EXERCISE INPUTS Start Marker

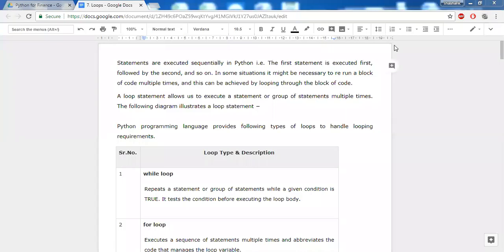In this chapter, we'll be looking at loops in Python. Python executes statements sequentially — the first line is executed, then the second, then third, and so on. When it executes a certain line, it will never come back to that line. If you want Python to loop over certain statements repeatedly, meaning you want to rerun a block of code multiple times, you can do that by looping through that block of code.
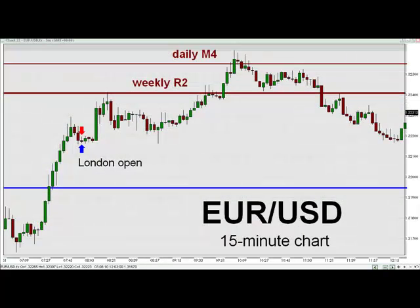Hello, my name is Kurt Worley. I am the Quantitative Analyst at FXBootcamp.com. Today is Tuesday, August 3rd, 2010. This is your New York Session Video Technical Briefing.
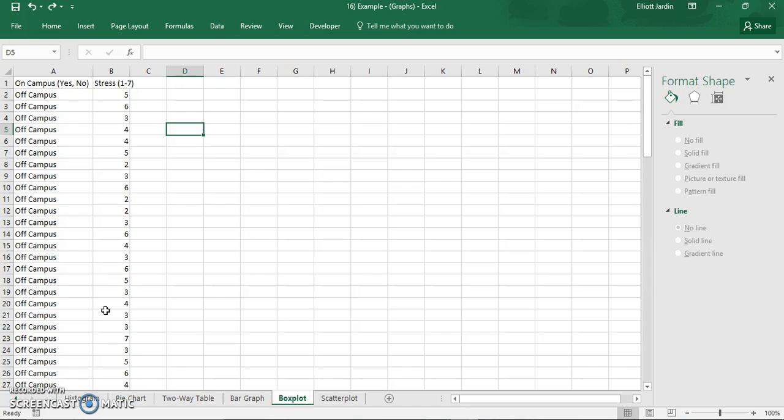So today I'm going to show you how to make a box plot and then how to interpret it.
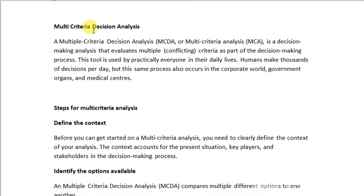In project management as well, we have to take decisions based on different criteria. So multi-criteria decision analysis is called MCDA, or multi-criteria analysis — MCA. That means you have to take decisions based on different criteria.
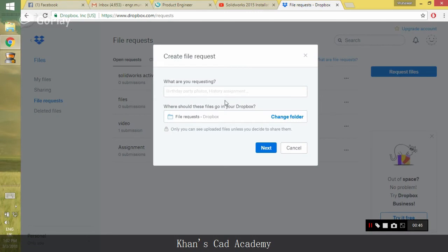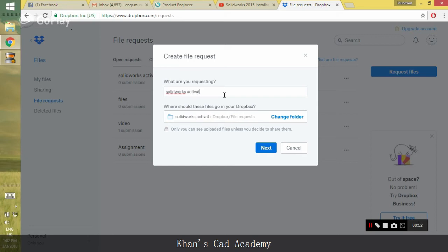Click on Request Files. Give it any name. And then click Next.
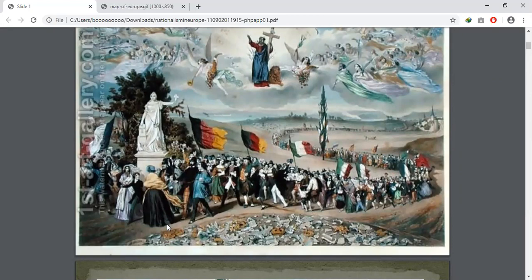Leading the procession were the United States and Switzerland, countries that had already become nation-states. They were followed by France, identified by its revolutionary tricolor, then Germany, Austria, the Kingdom of the Two Sicilies, Lombardy, Poland, England, Ireland, Hungary, and Russia — all marching in front of the Statue of Liberty.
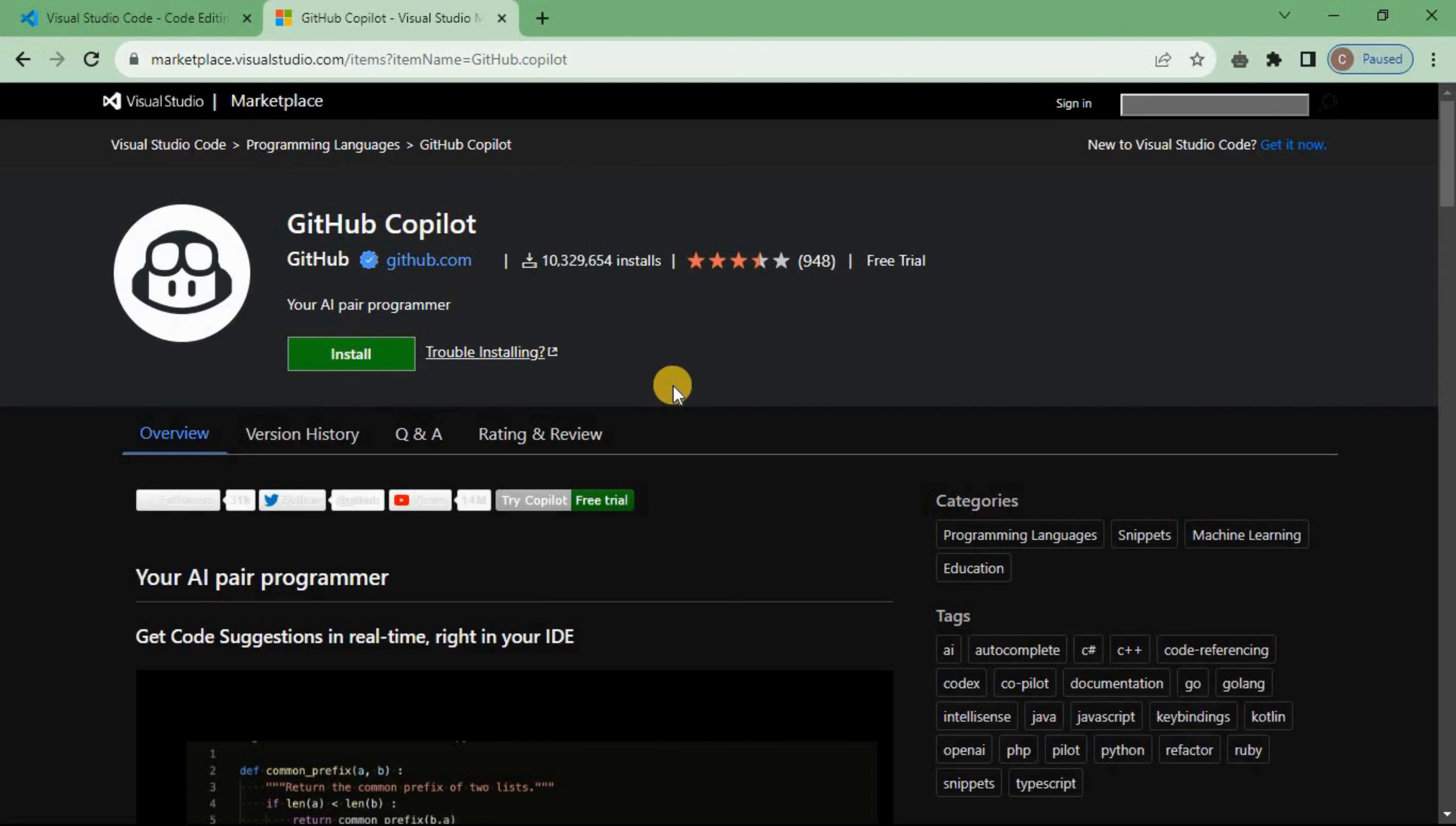Guys that's it. That's how you can easily install Microsoft Copilot. Thank you guys and I will see you in the next one.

EXERCISE INPUTS End Marker

REQUIRED WORK:
Pictures are to be left out. Write out only the lines above starting at the one with "So today I'm" and ending at the one with "Click on Request", both lines included, exactly.

RESPONSE TO THE EXERCISE:
So today I'm going to show you how to make a box plot and then how to interpret it.
In project management as well, we have to take decisions based on different criteria. So multi-criteria decision analysis is called MCDA, or multi-criteria analysis — MCA. That means you have to take decisions based on different criteria.
Click on Request Files. Give it any name. And then click Next.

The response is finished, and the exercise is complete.